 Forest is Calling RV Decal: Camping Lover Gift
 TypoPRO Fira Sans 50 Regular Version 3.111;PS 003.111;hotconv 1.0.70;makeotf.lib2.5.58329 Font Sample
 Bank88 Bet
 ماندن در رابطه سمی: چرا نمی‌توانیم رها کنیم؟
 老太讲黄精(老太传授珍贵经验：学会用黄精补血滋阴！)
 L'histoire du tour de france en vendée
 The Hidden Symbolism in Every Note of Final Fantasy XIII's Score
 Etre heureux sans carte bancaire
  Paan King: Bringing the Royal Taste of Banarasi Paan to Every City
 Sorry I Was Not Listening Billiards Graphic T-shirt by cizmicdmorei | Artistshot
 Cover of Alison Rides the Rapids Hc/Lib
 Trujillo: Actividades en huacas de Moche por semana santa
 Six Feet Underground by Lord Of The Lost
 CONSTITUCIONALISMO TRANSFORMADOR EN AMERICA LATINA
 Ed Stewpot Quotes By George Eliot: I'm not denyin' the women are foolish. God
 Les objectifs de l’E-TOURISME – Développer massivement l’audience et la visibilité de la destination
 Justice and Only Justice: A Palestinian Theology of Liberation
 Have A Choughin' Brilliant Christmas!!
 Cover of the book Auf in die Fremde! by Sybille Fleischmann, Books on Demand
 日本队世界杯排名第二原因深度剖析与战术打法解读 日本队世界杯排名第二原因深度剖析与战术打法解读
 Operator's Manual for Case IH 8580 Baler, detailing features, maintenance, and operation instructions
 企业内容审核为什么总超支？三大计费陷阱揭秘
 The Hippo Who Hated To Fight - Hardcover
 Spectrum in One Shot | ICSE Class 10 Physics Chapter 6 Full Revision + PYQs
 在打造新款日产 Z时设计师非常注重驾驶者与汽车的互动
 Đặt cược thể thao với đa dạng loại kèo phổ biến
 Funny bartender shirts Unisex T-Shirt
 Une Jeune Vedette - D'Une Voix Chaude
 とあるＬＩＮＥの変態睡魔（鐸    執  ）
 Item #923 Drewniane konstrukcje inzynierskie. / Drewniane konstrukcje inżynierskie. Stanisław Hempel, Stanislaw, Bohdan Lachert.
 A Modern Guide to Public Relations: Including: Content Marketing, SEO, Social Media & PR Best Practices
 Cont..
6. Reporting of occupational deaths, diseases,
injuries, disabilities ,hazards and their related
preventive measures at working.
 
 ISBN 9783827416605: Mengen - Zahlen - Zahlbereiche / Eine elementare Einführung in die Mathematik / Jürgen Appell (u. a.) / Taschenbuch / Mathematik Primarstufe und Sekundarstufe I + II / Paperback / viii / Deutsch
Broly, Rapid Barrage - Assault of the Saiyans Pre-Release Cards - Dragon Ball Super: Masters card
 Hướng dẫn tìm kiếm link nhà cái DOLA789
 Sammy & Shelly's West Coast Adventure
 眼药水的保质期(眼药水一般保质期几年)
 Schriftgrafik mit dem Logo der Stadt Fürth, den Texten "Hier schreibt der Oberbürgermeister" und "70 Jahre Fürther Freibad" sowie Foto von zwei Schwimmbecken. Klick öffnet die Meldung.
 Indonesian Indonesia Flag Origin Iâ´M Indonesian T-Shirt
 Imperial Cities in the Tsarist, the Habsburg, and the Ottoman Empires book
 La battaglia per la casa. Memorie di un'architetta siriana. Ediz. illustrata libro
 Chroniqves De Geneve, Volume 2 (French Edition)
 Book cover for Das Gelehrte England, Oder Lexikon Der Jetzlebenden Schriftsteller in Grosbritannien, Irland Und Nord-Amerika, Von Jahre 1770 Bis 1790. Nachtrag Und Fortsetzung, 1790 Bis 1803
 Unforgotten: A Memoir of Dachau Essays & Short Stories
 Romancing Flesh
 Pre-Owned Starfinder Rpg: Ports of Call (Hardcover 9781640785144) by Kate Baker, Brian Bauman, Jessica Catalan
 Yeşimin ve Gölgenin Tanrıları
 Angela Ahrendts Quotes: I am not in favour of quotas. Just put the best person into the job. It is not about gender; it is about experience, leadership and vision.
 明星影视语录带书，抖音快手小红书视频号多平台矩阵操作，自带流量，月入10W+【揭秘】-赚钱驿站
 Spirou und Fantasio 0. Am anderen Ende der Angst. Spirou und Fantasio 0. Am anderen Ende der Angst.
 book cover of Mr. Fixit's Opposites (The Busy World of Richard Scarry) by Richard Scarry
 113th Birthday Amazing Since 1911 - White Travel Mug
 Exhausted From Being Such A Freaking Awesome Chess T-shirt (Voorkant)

EXERCISE INSTRUCTIONS: A reply that repeats all the data exactly is required.

TASK OUTPUT:
 Forest is Calling RV Decal: Camping Lover Gift
 TypoPRO Fira Sans 50 Regular Version 3.111;PS 003.111;hotconv 1.0.70;makeotf.lib2.5.58329 Font Sample
 Bank88 Bet
 ماندن در رابطه سمی: چرا نمی‌توانیم رها کنیم؟
 老太讲黄精(老太传授珍贵经验：学会用黄精补血滋阴！)
 L'histoire du tour de france en vendée
 The Hidden Symbolism in Every Note of Final Fantasy XIII's Score
 Etre heureux sans carte bancaire
  Paan King: Bringing the Royal Taste of Banarasi Paan to Every City
 Sorry I Was Not Listening Billiards Graphic T-shirt by cizmicdmorei | Artistshot
 Cover of Alison Rides the Rapids Hc/Lib
 Trujillo: Actividades en huacas de Moche por semana santa
 Six Feet Underground by Lord Of The Lost
 CONSTITUCIONALISMO TRANSFORMADOR EN AMERICA LATINA
 Ed Stewpot Quotes By George Eliot: I'm not denyin' the women are foolish. God
 Les objectifs de l’E-TOURISME – Développer massivement l’audience et la visibilité de la destination
 Justice and Only Justice: A Palestinian Theology of Liberation
 Have A Choughin' Brilliant Christmas!!
 Cover of the book Auf in die Fremde! by Sybille Fleischmann, Books on Demand
 日本队世界杯排名第二原因深度剖析与战术打法解读 日本队世界杯排名第二原因深度剖析与战术打法解读
 Operator's Manual for Case IH 8580 Baler, detailing features, maintenance, and operation instructions
 企业内容审核为什么总超支？三大计费陷阱揭秘
 The Hippo Who Hated To Fight - Hardcover
 Spectrum in One Shot | ICSE Class 10 Physics Chapter 6 Full Revision + PYQs
 在打造新款日产 Z时设计师非常注重驾驶者与汽车的互动
 Đặt cược thể thao với đa dạng loại kèo phổ biến
 Funny bartender shirts Unisex T-Shirt
 Une Jeune Vedette - D'Une Voix Chaude
 とあるＬＩＮＥの変態睡魔（鐸    執  ）
 Item #923 Drewniane konstrukcje inzynierskie. / Drewniane konstrukcje inżynierskie. Stanisław Hempel, Stanislaw, Bohdan Lachert.
 A Modern Guide to Public Relations: Including: Content Marketing, SEO, Social Media & PR Best Practices
 Cont..
6. Reporting of occupational deaths, diseases,
injuries, disabilities ,hazards and their related
preventive measures at working.
 
 ISBN 9783827416605: Mengen - Zahlen - Zahlbereiche / Eine elementare Einführung in die Mathematik / Jürgen Appell (u. a.) / Taschenbuch / Mathematik Primarstufe und Sekundarstufe I + II / Paperback / viii / Deutsch
Broly, Rapid Barrage - Assault of the Saiyans Pre-Release Cards - Dragon Ball Super: Masters card
 Hướng dẫn tìm kiếm link nhà cái DOLA789
 Sammy & Shelly's West Coast Adventure
 眼药水的保质期(眼药水一般保质期几年)
 Schriftgrafik mit dem Logo der Stadt Fürth, den Texten "Hier schreibt der Oberbürgermeister" und "70 Jahre Fürther Freibad" sowie Foto von zwei Schwimmbecken. Klick öffnet die Meldung.
 Indonesian Indonesia Flag Origin Iâ´M Indonesian T-Shirt
 Imperial Cities in the Tsarist, the Habsburg, and the Ottoman Empires book
 La battaglia per la casa. Memorie di un'architetta siriana. Ediz. illustrata libro
 Chroniqves De Geneve, Volume 2 (French Edition)
 Book cover for Das Gelehrte England, Oder Lexikon Der Jetzlebenden Schriftsteller in Grosbritannien, Irland Und Nord-Amerika, Von Jahre 1770 Bis 1790. Nachtrag Und Fortsetzung, 1790 Bis 1803
 Unforgotten: A Memoir of Dachau Essays & Short Stories
 Romancing Flesh
 Pre-Owned Starfinder Rpg: Ports of Call (Hardcover 9781640785144) by Kate Baker, Brian Bauman, Jessica Catalan
 Yeşimin ve Gölgenin Tanrıları
 Angela Ahrendts Quotes: I am not in favour of quotas. Just put the best person into the job. It is not about gender; it is about experience, leadership and vision.
 明星影视语录带书，抖音快手小红书视频号多平台矩阵操作，自带流量，月入10W+【揭秘】-赚钱驿站
 Spirou und Fantasio 0. Am anderen Ende der Angst. Spirou und Fantasio 0. Am anderen Ende der Angst.
 book cover of Mr. Fixit's Opposites (The Busy World of Richard Scarry) by Richard Scarry
 113th Birthday Amazing Since 1911 - White Travel Mug
 Exhausted From Being Such A Freaking Awesome Chess T-shirt (Voorkant)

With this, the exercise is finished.